Understanding Joint Tenancy

house.jpgLots of people own their homes as joint tenants. Usually, this is because when they bought their house the title company suggested that they hold title this way. Sometimes, two people who aren’t married buy propery together and hold it as joint tenants as well.

Joint tenancy, though ubiquitous, isn’t always the right way for two people to own property together and sometimes it can have really unfortunate consequences. If you are a married couple, holding property as joint tenants can result in unnecessary capital gains taxes if the property is sold after one person dies. If you are two unrelated parties, holding property as joint tenants may mean that the property won’t pass as you intended it to pass after your death.

What joint tenancy means, legally, is that both tenants own an undivided fifty percent of the property and that if one joint tenant dies, the surviving joint tenant owns the entire property by right of survivorship. This right of survivorship happens automatically by operation of law upon the death of the first joint tenant. No probate is required to transfer the property, which is why title companies encourage home owners to take title in this way.

But if two people buy property together and either own unequal shares of that property or would like the right to leave their share of that property to someone else at their death (or both) joint tenancy is not the right way to hold title.
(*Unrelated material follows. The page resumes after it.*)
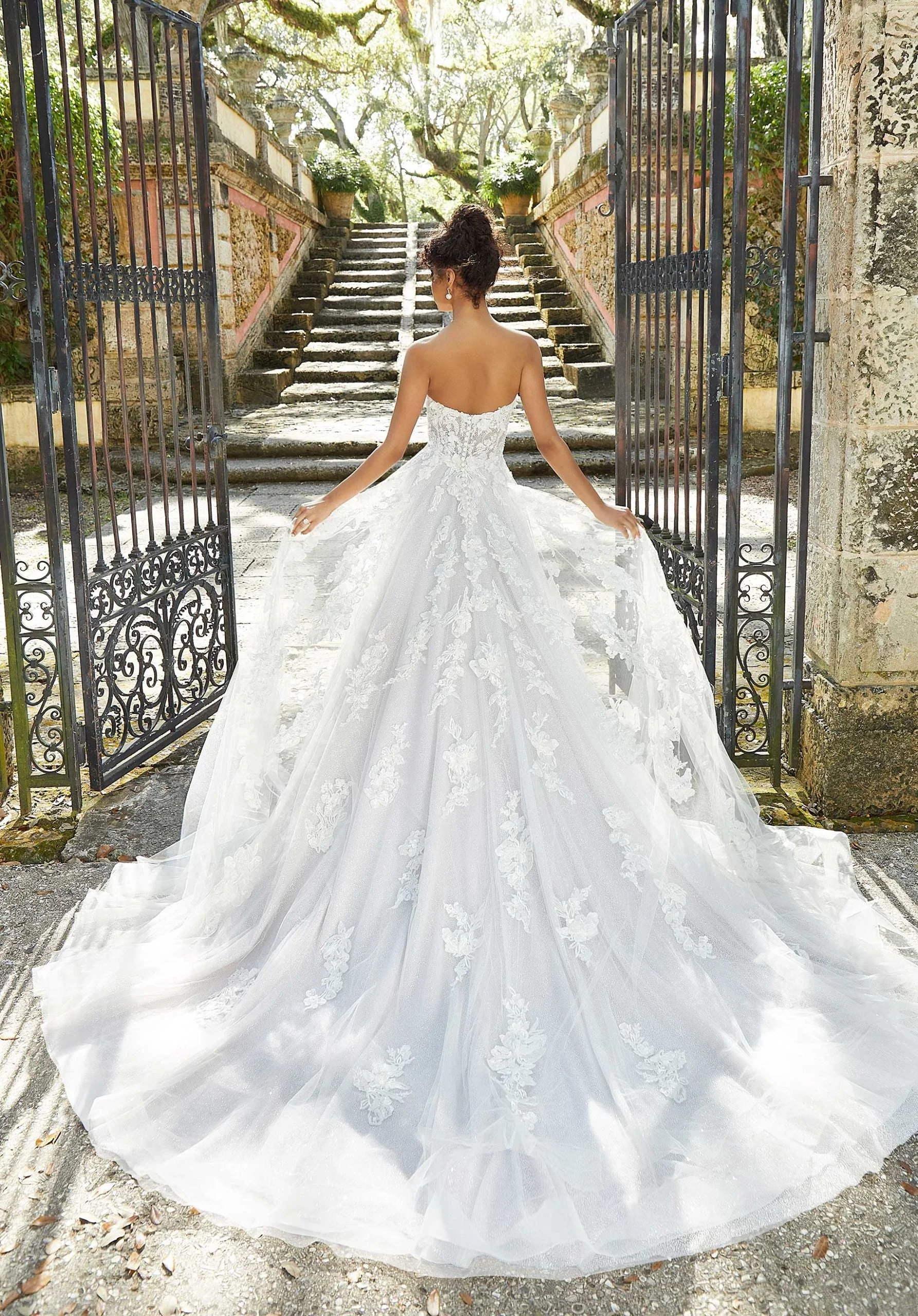 Forsythia Wedding Dress - Image 3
In that case, they need to own the property as tenants in common. This means that, upon the death of one owner, his or her share will pass by will or trust to another person. In the case of a will, a probate will be required to pass the property to the beneficiary; in the case of a trust, no probate will be necessary, and a trust transfer deed will be what’s needed to transfer the property.

If you own property as a joint tenant and discover that you do not want the other joint tenant to own the whole property at your death, you can sever that joint tenancy and create a tenancy in common by recording a deed that changes the way your interest is held, even without the consent of the other party.

If you are a married couple and would like to avoid extra capital gains upon the sale of your property after one person dies, you can hold title as community property with right of survivorship. When held in this way, the property will still automatically pass to the surviving person, but he or she will get a full step-up in basis on the property after the first death.